NahG expression does not counteract the increase in hydrogen peroxide content produced by the atg5 mutation.

Hydrogen peroxide (H2O2) contents in third rosette leaves from 36-d-old plants. WT plants without any transgenic construct and CT-GFP-expressing plants in the WT, atg5, NahG, and atg5 NahG backgrounds were used. Different lowercase letters denote significant differences based on Tukey’s test (P < 0.05). Values are means ± SE (n = 4). Dots represent individual data points.

Production of Rubisco-containing bodies in drp5b mutants is ATG5 dependent.

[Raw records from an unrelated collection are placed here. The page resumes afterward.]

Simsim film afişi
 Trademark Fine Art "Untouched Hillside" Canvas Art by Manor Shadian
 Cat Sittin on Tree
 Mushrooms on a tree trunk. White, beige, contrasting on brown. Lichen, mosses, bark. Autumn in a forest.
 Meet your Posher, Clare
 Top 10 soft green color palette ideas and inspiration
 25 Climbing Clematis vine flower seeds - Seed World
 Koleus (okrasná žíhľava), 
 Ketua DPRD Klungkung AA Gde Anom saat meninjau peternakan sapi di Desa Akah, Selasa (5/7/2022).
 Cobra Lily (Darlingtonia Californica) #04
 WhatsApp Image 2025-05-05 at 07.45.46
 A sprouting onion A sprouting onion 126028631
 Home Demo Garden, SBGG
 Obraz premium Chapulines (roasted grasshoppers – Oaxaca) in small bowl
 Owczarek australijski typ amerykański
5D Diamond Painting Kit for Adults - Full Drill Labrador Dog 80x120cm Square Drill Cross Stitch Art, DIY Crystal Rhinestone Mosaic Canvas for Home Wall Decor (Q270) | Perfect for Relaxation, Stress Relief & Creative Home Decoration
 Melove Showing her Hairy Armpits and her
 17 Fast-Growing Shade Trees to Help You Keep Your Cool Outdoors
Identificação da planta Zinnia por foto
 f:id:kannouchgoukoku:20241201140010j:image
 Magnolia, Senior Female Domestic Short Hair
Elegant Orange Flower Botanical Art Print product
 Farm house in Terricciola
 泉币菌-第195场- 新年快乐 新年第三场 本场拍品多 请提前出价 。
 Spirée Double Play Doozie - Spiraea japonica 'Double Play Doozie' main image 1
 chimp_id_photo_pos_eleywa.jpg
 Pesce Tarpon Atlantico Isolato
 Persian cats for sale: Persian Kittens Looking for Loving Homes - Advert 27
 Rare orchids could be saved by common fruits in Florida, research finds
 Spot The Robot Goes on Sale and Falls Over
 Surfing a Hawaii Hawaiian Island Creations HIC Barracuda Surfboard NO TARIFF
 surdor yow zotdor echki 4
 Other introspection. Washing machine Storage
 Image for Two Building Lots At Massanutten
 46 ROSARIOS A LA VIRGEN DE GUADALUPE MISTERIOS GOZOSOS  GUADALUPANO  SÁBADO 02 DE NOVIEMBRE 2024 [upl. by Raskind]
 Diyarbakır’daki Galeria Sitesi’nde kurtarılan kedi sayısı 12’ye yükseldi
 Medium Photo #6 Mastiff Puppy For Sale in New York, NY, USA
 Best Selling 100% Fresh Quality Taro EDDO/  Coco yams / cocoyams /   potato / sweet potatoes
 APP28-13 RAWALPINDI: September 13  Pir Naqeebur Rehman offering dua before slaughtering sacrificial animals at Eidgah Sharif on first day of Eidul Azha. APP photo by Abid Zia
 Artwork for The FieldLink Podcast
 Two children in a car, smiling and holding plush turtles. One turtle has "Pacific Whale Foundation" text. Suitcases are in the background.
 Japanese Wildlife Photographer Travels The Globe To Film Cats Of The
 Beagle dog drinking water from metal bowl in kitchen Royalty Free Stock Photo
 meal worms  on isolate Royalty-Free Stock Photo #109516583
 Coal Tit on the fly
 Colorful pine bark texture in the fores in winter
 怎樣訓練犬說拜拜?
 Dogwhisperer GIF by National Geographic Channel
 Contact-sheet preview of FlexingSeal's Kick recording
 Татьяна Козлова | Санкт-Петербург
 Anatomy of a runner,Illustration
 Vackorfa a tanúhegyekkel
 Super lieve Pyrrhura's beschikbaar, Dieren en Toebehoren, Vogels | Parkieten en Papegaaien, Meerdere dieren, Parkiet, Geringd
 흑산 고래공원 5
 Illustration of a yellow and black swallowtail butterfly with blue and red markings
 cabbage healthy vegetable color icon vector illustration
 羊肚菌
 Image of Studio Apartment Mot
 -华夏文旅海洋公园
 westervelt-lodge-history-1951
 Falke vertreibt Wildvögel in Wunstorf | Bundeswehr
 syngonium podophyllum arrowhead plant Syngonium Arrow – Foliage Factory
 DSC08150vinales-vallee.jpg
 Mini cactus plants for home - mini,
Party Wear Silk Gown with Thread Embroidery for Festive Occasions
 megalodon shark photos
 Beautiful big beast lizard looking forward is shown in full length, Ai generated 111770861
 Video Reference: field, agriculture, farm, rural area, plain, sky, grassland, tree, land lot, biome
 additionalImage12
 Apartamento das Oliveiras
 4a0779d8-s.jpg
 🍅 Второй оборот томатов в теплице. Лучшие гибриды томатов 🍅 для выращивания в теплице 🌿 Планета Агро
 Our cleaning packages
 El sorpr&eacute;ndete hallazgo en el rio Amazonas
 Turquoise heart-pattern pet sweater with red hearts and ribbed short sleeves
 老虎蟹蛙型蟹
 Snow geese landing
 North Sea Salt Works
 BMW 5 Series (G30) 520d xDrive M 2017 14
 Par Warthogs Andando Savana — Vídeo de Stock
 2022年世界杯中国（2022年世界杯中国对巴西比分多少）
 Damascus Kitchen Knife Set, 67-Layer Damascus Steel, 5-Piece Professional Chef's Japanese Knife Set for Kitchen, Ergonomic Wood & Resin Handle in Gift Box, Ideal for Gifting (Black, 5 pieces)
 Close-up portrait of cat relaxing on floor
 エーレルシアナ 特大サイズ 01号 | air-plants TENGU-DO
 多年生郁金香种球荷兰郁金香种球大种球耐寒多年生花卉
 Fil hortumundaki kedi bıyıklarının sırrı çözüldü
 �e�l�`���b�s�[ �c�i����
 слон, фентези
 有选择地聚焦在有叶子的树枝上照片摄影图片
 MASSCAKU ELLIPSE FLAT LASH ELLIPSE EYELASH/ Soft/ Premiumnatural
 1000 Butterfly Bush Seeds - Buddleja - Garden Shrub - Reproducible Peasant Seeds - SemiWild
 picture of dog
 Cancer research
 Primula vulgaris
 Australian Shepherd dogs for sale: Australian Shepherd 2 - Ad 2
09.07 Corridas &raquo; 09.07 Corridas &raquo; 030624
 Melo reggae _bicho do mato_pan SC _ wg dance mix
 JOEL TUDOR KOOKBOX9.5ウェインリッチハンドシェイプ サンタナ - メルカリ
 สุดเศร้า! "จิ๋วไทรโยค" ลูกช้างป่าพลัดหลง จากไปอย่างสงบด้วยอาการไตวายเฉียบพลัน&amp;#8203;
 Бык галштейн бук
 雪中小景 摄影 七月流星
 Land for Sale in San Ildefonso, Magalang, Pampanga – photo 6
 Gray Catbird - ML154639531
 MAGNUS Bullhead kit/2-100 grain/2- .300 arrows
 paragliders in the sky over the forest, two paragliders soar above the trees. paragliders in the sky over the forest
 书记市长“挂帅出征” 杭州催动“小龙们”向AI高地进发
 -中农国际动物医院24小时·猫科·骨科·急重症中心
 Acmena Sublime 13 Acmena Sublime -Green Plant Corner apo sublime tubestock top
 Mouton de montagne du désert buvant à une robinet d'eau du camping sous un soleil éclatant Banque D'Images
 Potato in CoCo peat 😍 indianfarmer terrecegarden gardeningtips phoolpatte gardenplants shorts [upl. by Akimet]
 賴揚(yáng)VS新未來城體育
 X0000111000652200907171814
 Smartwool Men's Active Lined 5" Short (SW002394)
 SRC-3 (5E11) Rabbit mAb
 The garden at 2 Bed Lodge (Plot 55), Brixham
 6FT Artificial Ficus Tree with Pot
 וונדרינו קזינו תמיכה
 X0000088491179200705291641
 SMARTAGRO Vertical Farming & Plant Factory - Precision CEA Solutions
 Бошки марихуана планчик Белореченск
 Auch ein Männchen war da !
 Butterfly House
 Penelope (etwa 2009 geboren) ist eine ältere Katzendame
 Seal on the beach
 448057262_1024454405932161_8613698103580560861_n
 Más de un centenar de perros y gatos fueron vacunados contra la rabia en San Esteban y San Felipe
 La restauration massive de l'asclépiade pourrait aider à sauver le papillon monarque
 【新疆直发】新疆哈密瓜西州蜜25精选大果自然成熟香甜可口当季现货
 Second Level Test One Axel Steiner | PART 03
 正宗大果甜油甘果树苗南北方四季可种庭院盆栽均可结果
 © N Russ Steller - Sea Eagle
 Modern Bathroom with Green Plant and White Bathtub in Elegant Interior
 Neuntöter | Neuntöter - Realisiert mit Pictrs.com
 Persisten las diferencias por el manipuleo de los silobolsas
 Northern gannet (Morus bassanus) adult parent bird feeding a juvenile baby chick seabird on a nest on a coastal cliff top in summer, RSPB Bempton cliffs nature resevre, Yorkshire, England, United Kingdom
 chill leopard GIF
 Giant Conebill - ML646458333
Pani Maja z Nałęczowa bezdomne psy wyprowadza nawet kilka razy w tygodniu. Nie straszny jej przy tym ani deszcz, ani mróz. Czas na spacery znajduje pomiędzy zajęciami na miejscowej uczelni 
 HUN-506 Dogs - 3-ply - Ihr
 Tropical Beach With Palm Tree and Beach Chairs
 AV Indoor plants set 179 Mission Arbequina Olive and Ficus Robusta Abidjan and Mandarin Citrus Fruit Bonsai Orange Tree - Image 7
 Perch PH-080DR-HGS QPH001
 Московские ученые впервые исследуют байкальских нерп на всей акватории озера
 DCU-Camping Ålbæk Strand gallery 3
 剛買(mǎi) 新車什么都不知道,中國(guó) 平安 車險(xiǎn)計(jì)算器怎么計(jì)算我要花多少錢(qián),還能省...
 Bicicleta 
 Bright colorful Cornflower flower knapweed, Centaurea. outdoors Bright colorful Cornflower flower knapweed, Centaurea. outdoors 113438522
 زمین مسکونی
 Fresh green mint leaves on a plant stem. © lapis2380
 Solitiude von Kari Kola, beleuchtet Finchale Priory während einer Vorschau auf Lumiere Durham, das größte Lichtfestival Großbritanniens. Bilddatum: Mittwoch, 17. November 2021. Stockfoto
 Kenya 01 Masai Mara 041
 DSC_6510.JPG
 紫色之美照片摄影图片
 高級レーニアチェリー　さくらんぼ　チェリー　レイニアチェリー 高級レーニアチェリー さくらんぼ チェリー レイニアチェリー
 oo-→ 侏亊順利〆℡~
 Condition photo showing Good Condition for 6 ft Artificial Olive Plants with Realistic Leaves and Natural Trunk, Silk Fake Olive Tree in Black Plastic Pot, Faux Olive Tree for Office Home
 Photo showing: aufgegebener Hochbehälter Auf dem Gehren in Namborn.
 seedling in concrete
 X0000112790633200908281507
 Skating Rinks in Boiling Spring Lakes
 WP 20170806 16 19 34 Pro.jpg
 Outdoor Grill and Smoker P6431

(A) Confocal images of mesophyll cells from wild-type (WT), atg5, drp5b, and drp5b atg5 leaves accumulating the stroma marker CT-GFP. Second rosette leaves from 21-d-old plants were incubated in sugar-free solution containing 1 µM concanamycin A (concA) in darkness for 1 d. Second rosette leaves from untreated plants were used as control. Green, CT-GFP; magenta, chlorophyll fluorescence. Only the merged channels are shown. Small puncta containing CT-GFP without chlorophyll signal appear as green and are RCBs in the vacuole. Scale bars, 10 µm. (B) Number of accumulated RCBs, counted from the observations of leaves incubated in the dark with concA described in (A). Different lowercase letters denote significant differences based on Tukey’s test (P < 0.05). Values are means ± SE (n = 5). Dots represent individual data points.

Vacuolar accumulation of stromal marker proteins in sugar-starved leaves.

(A) Confocal images of mesophyll cells from wild-type (WT), drp5b, atg5, and atg7 leaves accumulating the stroma marker RBCS-mRFP. Second rosette leaves from 21-d-old plants were incubated in sugar-free solution in darkness for 2 d. Second rosette leaves from untreated plants are shown as control. Green, RBCS-mRFP; magenta, chlorophyll fluorescence. Scale bars, 20 µm. (B) RFP intensity in the vacuolar lumen, as (B) measured from the observations described in (A) and shown relative to that of untreated WT plants, which was set to 1. Asterisks denote significant differences based on t-test (***, P < 0.001; n.s., not significant). Values are means ± SE (n = 4). Dots represent individual data points.